Archive for the ‘Contracts’ Category

Force Majeure Provisions in Outsourcing Contracts

Tuesday, January 20th, 2009

Last week, I provided a general overview of some of the compelling reasons for outsourcing at E-Solutions Integrator.  Outsourcing contracts need to be carefully negotiated as problems can have a huge impact on the company that outsources.

Lawyers tend to use the same  boilerplate provisions despite the type of contract.  That can be a killer in an outsourcing transaction.  For example, one provision that should be carefully reviewed is the force majeure provision.

Force majeure literally means “greater force.”  Force majeure excuses a party from liability or from performing its obligation if some unforeseen event or circumstance beyond that party’s control prevents it from performing as required under the contract.  Thus, force majeure clauses commonly cover Acts of God, such as natural disasters, war, strikes or labor unrest, riots, and the failure of third parties (e.g., subcontractors, suppliers) to perform their obligations to the contracting party.

When negotiating an agreement to outsource on behalf of a client, one should read and limit the list of categories under which force majeure may be claimed.  Sometimes, the vendor’s contract provides includes an unnecessarily broad list.  Additionally, one should limit the duration of any enforced delay.  Consider how long a force majeure event lasts.  Forever?  If so, no one will provide the service.
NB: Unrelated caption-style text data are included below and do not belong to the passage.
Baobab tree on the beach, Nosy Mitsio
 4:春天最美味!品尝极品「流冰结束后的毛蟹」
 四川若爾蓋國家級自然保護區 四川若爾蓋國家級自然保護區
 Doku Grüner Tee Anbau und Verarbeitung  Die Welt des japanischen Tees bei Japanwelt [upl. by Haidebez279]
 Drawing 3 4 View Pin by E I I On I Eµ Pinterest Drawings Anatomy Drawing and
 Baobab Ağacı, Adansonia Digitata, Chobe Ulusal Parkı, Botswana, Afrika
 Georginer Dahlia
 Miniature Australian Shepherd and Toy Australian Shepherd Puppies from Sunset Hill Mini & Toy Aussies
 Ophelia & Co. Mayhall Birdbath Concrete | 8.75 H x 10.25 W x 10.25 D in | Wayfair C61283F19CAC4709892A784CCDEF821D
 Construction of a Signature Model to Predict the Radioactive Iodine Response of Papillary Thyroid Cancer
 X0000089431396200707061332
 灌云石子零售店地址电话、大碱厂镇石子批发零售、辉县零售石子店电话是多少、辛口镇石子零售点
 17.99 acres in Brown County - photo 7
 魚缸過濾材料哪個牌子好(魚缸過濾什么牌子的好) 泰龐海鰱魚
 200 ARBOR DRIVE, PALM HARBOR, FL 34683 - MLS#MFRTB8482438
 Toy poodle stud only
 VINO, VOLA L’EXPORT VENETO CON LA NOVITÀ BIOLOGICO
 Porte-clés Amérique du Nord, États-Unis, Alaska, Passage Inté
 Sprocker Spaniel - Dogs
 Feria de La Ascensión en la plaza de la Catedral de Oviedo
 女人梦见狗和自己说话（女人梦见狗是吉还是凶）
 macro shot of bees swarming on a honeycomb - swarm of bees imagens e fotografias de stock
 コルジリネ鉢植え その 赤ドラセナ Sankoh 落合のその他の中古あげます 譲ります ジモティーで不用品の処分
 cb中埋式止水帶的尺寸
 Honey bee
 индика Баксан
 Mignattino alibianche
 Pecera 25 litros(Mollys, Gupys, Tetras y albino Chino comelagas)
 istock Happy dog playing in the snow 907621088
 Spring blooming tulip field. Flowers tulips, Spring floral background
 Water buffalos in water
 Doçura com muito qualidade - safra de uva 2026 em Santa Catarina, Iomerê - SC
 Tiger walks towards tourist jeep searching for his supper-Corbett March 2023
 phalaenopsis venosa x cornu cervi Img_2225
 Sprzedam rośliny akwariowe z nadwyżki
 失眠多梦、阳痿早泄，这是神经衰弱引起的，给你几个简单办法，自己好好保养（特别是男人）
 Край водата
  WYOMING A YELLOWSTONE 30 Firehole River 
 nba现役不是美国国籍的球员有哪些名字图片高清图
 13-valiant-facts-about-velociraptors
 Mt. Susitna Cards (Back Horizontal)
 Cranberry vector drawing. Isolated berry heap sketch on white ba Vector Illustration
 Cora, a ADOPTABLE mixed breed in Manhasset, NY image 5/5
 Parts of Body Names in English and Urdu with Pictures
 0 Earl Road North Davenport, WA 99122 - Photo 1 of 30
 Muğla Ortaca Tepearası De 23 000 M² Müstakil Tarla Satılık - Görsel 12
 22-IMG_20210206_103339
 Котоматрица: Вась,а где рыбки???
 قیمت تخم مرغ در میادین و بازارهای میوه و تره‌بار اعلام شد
A force majeure event for one of the vendor’s other customers should not be a force majeure event for your client.  Further, one should make a distinction between a supplier and a subcontractor, the latter typically being more easily and quickly replaced.  Depending on the type of contract, one should consider whether the failure of a supplier should be a force majeure event.

Force majeure events should not include power or equipment failures.  The vendor should have immediate backups when these events occur.  Similarly, software defects should not be force majeure events.

When a force majeure event occurs, it should not relieve the vendor from implementing its disaster recovery plan.  In fact, it must do so when such an event occurs.  The client should have its own business continuation plan as well.  The client should have insurance If the risk can’t be minimized in a particular area.

The Black Book of Outsourcing: How to Manage the Changes, Challenges, and Opportunities and The Outsourcing Handbook: How to Implement a Successful Outsourcing Process are good places to start when considering an outsourcing arrangement.

Practical Advice About Confidentiality Carve-Outs

Thursday, August 21st, 2008

Many different types of agreements include confidentiality provisions.  These provisions define the information that is deemed to be confidential.  I recently reviewed a consulting agreement and it had a flaw common to provisions that discuss confidential information:  the lack of any specificity regarding when information might not be considered confidential.

Broad, generic drafting creates potential flash points.  Instead of protecting both parties by clarifying the details, its broadness makes a potential dispute more likely.  I don’t argue the point that, in some cases, one party purposely will leave a clarifying section (AKA a carve-out) out of the agreement because it is advantageous to do so. But often, it’s just sloppy drafting without carefully crafting what is appropriate in the circumstance.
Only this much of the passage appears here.